Bridging the Gap: How Housing Provident Funds Shape Home Ownership and Inequality in Tiongkok

KANOPI FEB UI
7 min readJul 11, 2024

--

Pendapatan Menjadi Salah Satu Hambatan Utama dalam Pembelian Rumah

Berbeda dengan kebutuhan primer lainnya, pembelian tempat tinggal membutuhkan biaya yang sangat tinggi. Menurut Bank Indonesia, setiap tahunnya, harga tempat tinggal terus meningkat. Peningkatan harga tempat tinggal yang besar, tanpa disertai dengan peningkatan pendapatan yang sesuai menyebabkan kelompok berpendapatan rendah semakin sulit untuk memenuhi kebutuhannya akan tempat tinggal.

Lalu, Apa Solusinya?

Beberapa negara seperti Tiongkok, Singapura, Mexico, Brazil, Filipina, dan Nigeria menciptakan skema tabungan jangka panjang sebagai solusi pembelian tempat tinggal. Di Tiongkok, skema tabungan ini disebut Housing Provident Funds (HPF).

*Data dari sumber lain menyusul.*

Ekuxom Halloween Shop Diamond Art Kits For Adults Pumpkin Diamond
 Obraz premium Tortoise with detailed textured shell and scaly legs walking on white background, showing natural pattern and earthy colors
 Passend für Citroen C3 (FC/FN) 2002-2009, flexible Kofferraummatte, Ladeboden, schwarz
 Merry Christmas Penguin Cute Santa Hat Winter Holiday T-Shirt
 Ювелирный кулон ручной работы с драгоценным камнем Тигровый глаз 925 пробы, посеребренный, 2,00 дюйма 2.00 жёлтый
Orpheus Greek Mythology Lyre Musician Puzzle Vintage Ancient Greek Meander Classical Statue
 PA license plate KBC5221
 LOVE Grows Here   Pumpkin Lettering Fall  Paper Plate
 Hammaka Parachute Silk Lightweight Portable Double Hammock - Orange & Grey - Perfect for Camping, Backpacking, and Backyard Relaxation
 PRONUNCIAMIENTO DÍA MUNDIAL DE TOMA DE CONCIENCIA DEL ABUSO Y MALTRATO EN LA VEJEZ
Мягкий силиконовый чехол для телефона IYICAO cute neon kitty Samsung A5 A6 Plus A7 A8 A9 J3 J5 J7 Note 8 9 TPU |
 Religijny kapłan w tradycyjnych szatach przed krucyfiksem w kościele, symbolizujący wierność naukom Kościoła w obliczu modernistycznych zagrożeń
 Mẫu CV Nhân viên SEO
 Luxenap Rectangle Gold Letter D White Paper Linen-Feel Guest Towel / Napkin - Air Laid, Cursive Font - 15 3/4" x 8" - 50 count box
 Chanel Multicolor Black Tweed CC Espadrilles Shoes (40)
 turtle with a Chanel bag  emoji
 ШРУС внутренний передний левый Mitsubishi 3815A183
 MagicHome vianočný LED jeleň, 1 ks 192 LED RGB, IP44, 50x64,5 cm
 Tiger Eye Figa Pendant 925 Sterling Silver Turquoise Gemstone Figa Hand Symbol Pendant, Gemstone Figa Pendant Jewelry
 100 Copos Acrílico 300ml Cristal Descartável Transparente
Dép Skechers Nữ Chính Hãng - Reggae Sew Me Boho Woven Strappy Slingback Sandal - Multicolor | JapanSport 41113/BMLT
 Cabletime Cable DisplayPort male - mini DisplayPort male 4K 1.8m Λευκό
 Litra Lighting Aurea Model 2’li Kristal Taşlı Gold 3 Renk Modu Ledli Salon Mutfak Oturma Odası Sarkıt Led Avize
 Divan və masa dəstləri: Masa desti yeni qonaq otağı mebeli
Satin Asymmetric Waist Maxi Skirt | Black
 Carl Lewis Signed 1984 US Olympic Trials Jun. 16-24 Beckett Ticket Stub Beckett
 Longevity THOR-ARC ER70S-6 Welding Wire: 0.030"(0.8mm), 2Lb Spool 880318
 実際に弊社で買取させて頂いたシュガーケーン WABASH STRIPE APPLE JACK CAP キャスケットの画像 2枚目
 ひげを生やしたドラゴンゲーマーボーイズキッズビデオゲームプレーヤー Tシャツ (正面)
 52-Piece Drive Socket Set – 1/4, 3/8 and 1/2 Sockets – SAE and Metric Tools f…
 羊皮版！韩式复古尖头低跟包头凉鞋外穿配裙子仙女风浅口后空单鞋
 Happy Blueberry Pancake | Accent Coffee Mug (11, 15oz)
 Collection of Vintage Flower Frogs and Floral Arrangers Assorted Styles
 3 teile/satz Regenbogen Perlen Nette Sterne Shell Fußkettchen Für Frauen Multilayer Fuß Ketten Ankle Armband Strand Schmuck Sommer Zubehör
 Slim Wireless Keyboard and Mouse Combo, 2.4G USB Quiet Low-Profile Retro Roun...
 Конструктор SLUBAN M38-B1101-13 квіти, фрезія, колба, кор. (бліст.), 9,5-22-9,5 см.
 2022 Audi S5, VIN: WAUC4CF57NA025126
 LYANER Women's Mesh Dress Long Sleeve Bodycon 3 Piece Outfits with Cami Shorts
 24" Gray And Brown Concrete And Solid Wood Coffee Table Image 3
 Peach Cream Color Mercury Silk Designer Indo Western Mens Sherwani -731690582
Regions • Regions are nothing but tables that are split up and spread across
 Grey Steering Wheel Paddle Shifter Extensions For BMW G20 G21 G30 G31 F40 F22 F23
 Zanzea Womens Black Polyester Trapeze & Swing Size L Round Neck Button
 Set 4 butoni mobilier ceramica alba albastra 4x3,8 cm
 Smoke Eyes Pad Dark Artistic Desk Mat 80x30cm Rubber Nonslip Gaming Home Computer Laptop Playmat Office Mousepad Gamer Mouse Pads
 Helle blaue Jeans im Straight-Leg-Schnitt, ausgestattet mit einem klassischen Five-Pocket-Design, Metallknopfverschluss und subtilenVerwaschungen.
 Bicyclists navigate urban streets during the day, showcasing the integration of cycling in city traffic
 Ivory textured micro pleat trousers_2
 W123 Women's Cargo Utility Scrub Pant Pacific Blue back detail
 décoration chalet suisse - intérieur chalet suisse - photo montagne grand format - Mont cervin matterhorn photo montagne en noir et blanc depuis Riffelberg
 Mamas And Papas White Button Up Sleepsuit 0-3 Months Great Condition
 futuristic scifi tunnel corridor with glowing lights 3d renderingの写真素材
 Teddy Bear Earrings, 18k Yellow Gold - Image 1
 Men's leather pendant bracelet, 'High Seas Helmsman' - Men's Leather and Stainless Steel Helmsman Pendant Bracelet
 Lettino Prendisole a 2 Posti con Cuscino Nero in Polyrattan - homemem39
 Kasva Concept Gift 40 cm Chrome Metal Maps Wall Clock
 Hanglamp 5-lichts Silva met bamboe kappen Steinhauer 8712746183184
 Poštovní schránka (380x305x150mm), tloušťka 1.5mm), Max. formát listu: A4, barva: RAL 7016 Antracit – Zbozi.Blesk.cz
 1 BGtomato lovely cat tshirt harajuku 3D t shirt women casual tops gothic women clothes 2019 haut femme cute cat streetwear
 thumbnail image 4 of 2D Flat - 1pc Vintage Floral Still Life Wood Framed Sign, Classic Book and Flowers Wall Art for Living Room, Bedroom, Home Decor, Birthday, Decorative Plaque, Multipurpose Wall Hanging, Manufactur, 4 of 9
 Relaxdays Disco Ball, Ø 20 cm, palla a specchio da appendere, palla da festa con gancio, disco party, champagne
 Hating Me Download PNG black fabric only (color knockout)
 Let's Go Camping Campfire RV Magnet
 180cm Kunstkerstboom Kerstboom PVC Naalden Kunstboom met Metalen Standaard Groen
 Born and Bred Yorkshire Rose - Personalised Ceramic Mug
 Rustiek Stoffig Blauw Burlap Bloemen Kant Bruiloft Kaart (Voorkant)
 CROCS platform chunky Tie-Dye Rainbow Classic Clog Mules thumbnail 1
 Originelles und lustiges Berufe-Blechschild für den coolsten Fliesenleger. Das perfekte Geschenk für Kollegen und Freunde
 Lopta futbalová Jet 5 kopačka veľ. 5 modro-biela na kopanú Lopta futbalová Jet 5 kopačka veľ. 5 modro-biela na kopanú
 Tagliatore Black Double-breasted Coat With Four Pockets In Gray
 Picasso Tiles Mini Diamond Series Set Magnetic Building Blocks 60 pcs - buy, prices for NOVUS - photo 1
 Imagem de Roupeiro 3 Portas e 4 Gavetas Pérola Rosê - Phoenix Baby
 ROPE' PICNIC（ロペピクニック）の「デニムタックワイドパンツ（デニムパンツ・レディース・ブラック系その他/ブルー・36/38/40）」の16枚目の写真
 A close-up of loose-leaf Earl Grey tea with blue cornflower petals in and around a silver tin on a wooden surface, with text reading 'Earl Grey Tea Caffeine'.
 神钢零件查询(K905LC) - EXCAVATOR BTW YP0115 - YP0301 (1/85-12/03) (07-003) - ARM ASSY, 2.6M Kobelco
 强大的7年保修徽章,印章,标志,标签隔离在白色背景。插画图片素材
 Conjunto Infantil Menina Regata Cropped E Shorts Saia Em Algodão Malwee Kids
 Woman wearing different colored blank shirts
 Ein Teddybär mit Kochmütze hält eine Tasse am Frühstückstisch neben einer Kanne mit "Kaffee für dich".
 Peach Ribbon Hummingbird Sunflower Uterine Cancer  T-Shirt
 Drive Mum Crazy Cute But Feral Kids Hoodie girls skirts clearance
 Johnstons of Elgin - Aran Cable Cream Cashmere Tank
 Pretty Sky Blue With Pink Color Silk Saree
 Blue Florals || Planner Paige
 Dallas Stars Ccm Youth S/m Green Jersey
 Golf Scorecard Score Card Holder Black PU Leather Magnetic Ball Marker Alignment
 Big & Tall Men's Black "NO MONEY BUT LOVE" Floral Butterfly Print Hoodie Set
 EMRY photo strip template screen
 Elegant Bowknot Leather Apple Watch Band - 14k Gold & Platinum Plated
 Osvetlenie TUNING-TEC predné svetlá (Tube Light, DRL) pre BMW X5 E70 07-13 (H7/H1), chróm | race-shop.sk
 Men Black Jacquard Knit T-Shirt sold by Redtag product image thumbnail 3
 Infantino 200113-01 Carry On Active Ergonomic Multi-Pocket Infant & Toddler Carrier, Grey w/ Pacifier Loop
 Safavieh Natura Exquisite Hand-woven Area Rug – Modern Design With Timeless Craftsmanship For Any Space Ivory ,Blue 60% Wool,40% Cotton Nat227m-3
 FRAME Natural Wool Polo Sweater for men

Singkatnya, HPF adalah kebijakan pembiayaan perumahan dengan tujuan utama mengurangi hambatan pendapatan dalam pembelian rumah. Hal ini dicapai melalui subsidi untuk pekerja, tingkat bunga pinjaman yang rendah, serta pengurangan pajak.

Bagaimana Cara Kerja Kebijakan Housing Provident Funds?

Kebijakan HPF mengharuskan pekerja di Tiongkok untuk memberikan 5%-12% (bergantung pada wilayah dan kebijakan setempat) gaji bulanan mereka ke akun rekening HPF. Dana milik karyawan ini akan disimpan di bank yang ditujukan untuk pembelian tempat tinggal di masa depan. Dana yang disetorkan oleh karyawan dan pemberi kerja ke akun HPF akan mengurangi jumlah pendapatan yang dikenakan pajak (tax deductible).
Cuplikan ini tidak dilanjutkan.